The results included redundancy-related costs of £78m.
BA said it had cut more than 2,500 jobs since last summer and added that it was in talks with unions about "pay and productivity changes".
"The prolonged nature of the global downturn makes this the harshest trading environment we have ever faced and, with no immediate improvement visible, market conditions remain challenging," Mr Walsh said.
Despite BA's claims that it has been a victim of a downturn in global conditions, analysts say the airline is not entirely blameless for its poor results.
"The first half of the year really was [a period of] self-inflicted wounds from the Terminal 5 opening problems," said airline consultant John Strickland.
He added that BA had been particularly hit by a fall in premium traffic - business class and first class passengers.
"They rely a lot for their profitability on first and business class passengers," he said.
The BBC's business editor Robert Peston said that BA's loss was a result of "a lamentable rise in costs", including engineering and aircraft costs, landing fees and staff costs.
The loss was worse than BA had forecast.

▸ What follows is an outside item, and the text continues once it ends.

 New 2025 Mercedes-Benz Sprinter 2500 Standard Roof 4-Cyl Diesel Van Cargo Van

Shares in the airline were down 7% to 151.6 pence in morning trading.
The airline made an operating loss of £220m. In January it said it expected to make an operating loss of £150m.
However, BA said that it had seen a "significantly better" operational performance, and that it had received record customer satisfaction ratings.

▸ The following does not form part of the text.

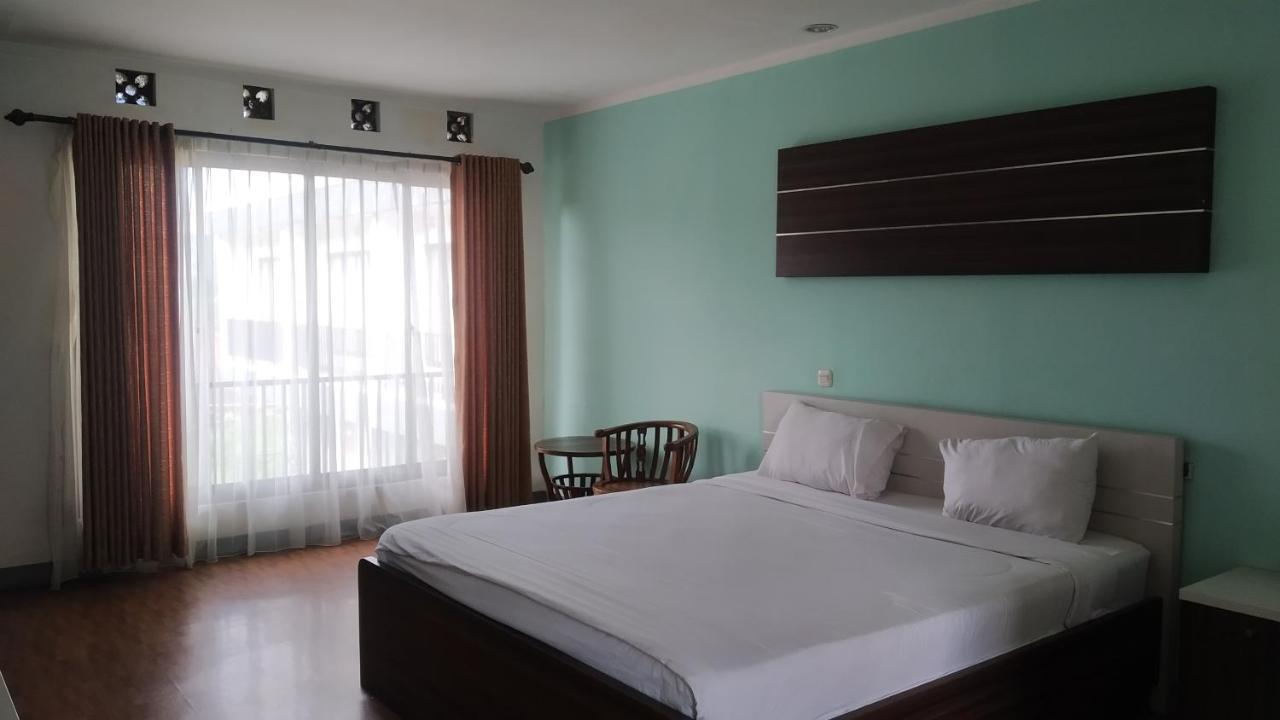 Puncak Village Hotel & Kampung Main Anak Gadok Esterno foto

The total number of passengers carried fell 4.3% to 33.1m.
The results also included the impact of the airline's first full year of operations at Heathrow Terminal 5, and BA said more than 24 million passengers had flown through Terminal 5.
Global demand for premium travel fell significantly with BA's premium traffic down 13%.
BA added that it had had to take "significant pricing actions" to stimulate non-premium sales, which were broadly unchanged on the previous year.
"Fares have been going down and will continue to be very competitive," Mr Walsh told the BBC.
"I don't expect to see any increase in fares in the coming year," he added.